[Excerpts from a dataset]
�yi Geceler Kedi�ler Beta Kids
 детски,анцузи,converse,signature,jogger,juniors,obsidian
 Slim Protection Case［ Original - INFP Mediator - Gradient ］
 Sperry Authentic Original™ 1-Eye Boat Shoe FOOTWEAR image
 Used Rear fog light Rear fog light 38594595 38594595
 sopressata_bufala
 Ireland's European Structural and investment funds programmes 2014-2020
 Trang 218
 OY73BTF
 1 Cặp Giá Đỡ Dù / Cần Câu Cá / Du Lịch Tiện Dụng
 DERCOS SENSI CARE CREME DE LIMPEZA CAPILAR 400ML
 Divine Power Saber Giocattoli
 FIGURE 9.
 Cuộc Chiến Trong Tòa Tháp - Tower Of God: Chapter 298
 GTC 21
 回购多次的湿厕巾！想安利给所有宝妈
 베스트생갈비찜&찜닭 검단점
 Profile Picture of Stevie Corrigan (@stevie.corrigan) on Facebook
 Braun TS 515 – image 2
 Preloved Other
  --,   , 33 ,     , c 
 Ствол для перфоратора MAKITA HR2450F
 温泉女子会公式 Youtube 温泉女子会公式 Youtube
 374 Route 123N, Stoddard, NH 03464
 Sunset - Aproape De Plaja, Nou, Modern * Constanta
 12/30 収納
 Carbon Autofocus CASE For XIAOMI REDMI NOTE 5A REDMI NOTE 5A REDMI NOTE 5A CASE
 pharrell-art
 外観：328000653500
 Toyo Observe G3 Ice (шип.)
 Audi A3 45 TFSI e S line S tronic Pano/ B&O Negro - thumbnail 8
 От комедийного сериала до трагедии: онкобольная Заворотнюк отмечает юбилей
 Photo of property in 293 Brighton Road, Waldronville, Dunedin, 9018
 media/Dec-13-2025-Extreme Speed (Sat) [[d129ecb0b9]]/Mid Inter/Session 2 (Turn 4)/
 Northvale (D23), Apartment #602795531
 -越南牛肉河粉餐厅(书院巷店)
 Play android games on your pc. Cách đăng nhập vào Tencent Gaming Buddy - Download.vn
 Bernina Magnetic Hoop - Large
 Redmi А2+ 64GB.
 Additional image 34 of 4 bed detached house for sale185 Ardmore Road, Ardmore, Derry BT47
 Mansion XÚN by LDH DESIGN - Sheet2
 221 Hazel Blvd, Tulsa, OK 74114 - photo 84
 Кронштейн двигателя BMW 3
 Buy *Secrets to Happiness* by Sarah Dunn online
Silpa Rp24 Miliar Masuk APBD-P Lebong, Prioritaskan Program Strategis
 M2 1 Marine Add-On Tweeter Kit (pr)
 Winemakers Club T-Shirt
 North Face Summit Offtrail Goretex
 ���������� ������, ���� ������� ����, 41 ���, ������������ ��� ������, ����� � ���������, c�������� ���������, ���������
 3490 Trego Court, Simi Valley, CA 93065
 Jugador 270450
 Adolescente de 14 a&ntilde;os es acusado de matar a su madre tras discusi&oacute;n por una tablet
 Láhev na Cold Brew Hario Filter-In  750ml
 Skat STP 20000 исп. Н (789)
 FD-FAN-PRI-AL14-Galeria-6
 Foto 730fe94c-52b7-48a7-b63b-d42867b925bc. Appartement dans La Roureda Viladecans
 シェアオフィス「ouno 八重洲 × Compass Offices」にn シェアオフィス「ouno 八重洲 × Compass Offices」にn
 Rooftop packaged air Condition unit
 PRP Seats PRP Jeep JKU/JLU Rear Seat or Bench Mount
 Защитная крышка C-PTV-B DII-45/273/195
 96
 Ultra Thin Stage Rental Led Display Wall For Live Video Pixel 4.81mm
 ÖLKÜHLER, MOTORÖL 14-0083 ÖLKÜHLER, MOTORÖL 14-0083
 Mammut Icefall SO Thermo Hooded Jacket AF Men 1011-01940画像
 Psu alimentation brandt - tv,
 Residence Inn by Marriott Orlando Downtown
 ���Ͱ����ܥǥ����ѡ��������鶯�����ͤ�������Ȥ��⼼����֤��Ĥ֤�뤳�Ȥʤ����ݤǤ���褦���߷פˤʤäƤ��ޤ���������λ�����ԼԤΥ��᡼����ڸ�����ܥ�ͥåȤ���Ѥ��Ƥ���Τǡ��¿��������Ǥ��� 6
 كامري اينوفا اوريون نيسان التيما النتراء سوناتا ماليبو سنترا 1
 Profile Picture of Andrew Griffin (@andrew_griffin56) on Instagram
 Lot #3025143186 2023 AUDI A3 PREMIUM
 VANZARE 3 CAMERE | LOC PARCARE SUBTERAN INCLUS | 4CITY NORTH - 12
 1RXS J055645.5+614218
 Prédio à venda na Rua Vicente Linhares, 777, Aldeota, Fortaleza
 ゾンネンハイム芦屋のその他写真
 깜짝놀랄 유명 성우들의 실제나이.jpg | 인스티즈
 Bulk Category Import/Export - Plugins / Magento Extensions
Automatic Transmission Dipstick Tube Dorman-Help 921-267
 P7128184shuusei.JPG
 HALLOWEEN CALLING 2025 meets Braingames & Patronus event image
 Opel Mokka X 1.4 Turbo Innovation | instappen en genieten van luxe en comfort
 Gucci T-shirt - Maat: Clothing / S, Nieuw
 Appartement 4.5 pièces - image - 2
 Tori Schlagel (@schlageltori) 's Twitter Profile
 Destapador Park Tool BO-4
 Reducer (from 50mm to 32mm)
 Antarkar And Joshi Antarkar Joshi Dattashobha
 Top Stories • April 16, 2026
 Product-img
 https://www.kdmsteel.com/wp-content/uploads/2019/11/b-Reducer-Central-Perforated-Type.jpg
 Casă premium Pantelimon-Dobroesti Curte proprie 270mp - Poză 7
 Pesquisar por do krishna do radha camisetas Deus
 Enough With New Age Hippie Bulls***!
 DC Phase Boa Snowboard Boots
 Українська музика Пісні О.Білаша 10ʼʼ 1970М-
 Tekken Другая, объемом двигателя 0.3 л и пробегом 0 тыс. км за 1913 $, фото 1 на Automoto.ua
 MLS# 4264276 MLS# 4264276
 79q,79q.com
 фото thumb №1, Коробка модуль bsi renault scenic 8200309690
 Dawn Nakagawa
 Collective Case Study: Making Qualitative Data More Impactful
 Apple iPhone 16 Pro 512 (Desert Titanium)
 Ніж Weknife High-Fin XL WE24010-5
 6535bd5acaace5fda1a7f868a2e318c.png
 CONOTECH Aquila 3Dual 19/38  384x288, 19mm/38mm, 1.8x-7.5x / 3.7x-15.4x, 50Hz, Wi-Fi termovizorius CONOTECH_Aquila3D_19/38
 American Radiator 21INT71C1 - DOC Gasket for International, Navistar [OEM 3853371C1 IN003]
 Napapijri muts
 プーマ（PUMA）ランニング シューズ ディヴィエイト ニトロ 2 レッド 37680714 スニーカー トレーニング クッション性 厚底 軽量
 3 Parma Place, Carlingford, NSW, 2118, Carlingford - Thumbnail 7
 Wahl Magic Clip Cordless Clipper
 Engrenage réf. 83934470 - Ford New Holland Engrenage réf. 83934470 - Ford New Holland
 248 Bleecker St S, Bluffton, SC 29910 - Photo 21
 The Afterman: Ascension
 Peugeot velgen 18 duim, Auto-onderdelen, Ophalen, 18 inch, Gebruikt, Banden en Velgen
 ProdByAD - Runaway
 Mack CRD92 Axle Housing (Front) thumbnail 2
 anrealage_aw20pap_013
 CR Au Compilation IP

**EXERCISE REQUIREMENTS:**
Nothing beyond the line containing "Photo of property" is to be output; the lines above, from the first one onward to that line, are to be transcribed exactly.

**WRITTEN SOLUTION:**
�yi Geceler Kedi�ler Beta Kids
 детски,анцузи,converse,signature,jogger,juniors,obsidian
 Slim Protection Case［ Original - INFP Mediator - Gradient ］
 Sperry Authentic Original™ 1-Eye Boat Shoe FOOTWEAR image
 Used Rear fog light Rear fog light 38594595 38594595
 sopressata_bufala
 Ireland's European Structural and investment funds programmes 2014-2020
 Trang 218
 OY73BTF
 1 Cặp Giá Đỡ Dù / Cần Câu Cá / Du Lịch Tiện Dụng
 DERCOS SENSI CARE CREME DE LIMPEZA CAPILAR 400ML
 Divine Power Saber Giocattoli
 FIGURE 9.
 Cuộc Chiến Trong Tòa Tháp - Tower Of God: Chapter 298
 GTC 21
 回购多次的湿厕巾！想安利给所有宝妈
 베스트생갈비찜&찜닭 검단점
 Profile Picture of Stevie Corrigan (@stevie.corrigan) on Facebook
 Braun TS 515 – image 2
 Preloved Other
  --,   , 33 ,     , c 
 Ствол для перфоратора MAKITA HR2450F
 温泉女子会公式 Youtube 温泉女子会公式 Youtube
 374 Route 123N, Stoddard, NH 03464
 Sunset - Aproape De Plaja, Nou, Modern * Constanta
 12/30 収納
 Carbon Autofocus CASE For XIAOMI REDMI NOTE 5A REDMI NOTE 5A REDMI NOTE 5A CASE
 pharrell-art
 外観：328000653500
 Toyo Observe G3 Ice (шип.)
 Audi A3 45 TFSI e S line S tronic Pano/ B&O Negro - thumbnail 8
 От комедийного сериала до трагедии: онкобольная Заворотнюк отмечает юбилей
 Photo of property in 293 Brighton Road, Waldronville, Dunedin, 9018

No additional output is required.